Using documents issued by the Dutch government abroad
To use a document issued by the Dutch government abroad, you will need to have it legalised. This is done with a stamp or sticker. After legalisation, you can use the document abroad.
What is legalisation?
Legalisation makes documents suitable for use in another country. It shows that a document has been issued by a competent authority.
How it works
If you have a document issued by the Dutch government that you want to use abroad, for example:
- a civil status document
- a photocopy of your Dutch passport
- a certificate of residence issued by the Tax and Customs Administration
your document will need to be legalised by at least 2 Dutch authorities. Which authorities legalise your document depends on:
- the type of document
- the agreements between the Netherlands and the country where you want to use the document
Step 1 - What type of document do you have?
Civil status documents
Examples of civil status documents include:
- birth certificates
- marriage certificates
- death certificates
- certificates of unmarried status
You should have these documents legalised by the municipality that issued them. The municipal officer authorised to carry out legalisations will place their name and signature on your document as proof.
You can have a photocopy of your passport legalised by the municipality that issued the passport.
You can also have the photocopy legalised first by a Dutch notary and then by a district court.
>> Go to Step 2
Certificates of residence issued by the Tax and Customs Administration
You must first have a certificate of residence legalised by the Ministry of Finance, Directorate General of the Tax and Customs Administration, in The Hague (information in Dutch). The Tax and Customs Administration can tell you how this works.
>> Go to Step 2
Step 2 - What are the agreements with the foreign country?

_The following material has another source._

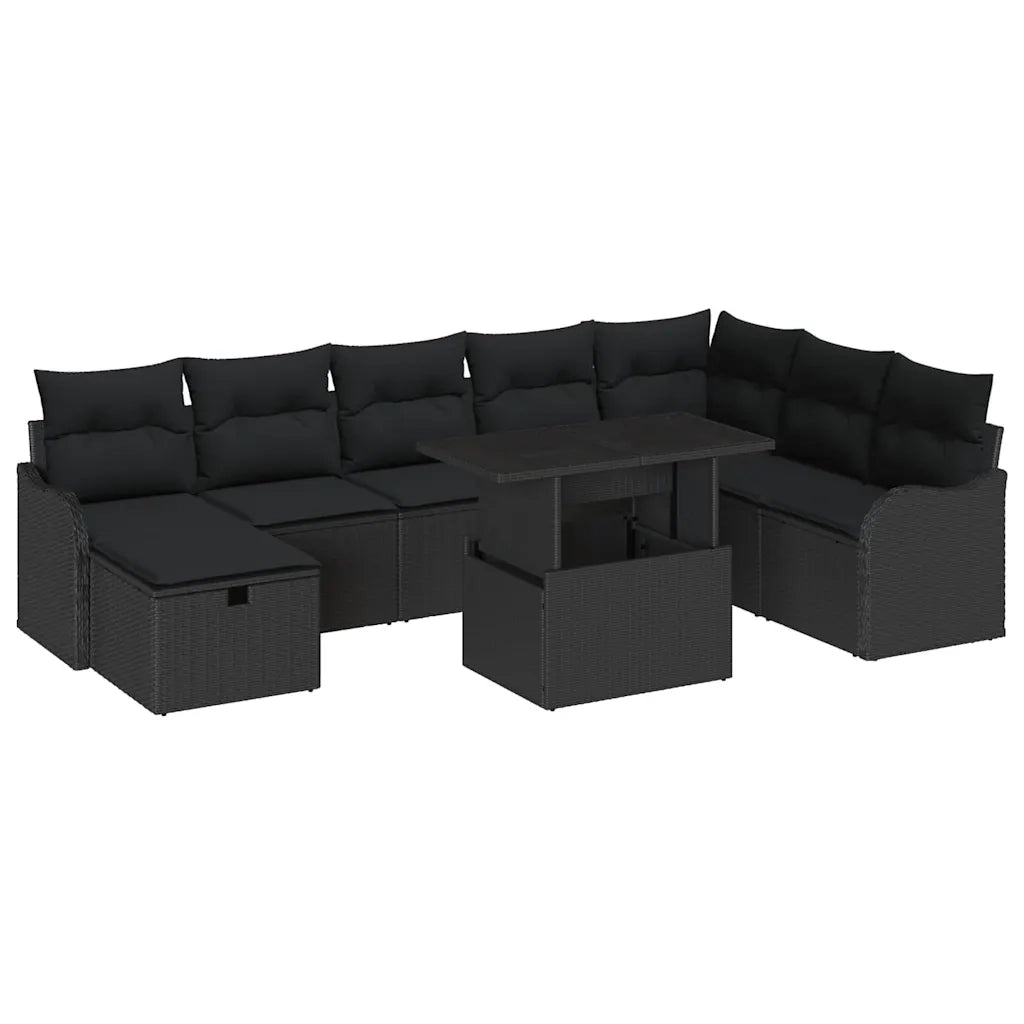 Set Divano da Giardino con cuscino 9 pcs Nero Poly Rattan 3361072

In some cases, your document may require an apostille. This depends on whether the country where you want to use your document is a member of the Apostille Convention.
You can find a list of the countries that are members of the Apostille Convention on the website of the Hague Conference on Private International Law (HCCH).

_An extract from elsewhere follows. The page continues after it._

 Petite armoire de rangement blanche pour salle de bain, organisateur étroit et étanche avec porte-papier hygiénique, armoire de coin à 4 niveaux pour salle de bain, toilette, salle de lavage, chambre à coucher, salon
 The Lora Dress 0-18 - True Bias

The country is a member of the Apostille Convention
- Take your document to the district court to get an apostille. Check this list of courts in the Netherlands (this site is in Dutch) to find the nearest one.
- Ask the foreign country's embassy or consulate whether you need to provide a translation of the document and whether the translation also needs to be legalised.
>> Your document has now been legalised and can be used abroad.
The country is not a member of the Apostille Convention
You must have your document legalised by the Consular Service Centre (CDC) at the Ministry of Foreign Affairs in The Hague.
>> Go to Step 3
Step 3 – Legalisation by the foreign country's embassy or consulate
- Ask the foreign country's embassy or consulate if it also needs to legalise your document.
- If so, have your document legalised by the country's embassy or consulate. The foreign country's embassy or consulate can tell you how this works.
Use of documents within the EU
You may have one or more public documents from an EU member state that you want to use in another EU country. In most cases, documents issued by an EU government or EU judicial body do not need to be translated. You may, however, need to attach a multilingual standard form to your document. You can obtain this form from the authority that issued your document. See the overview of all public documents that can be used freely within the EU on the European Justice website.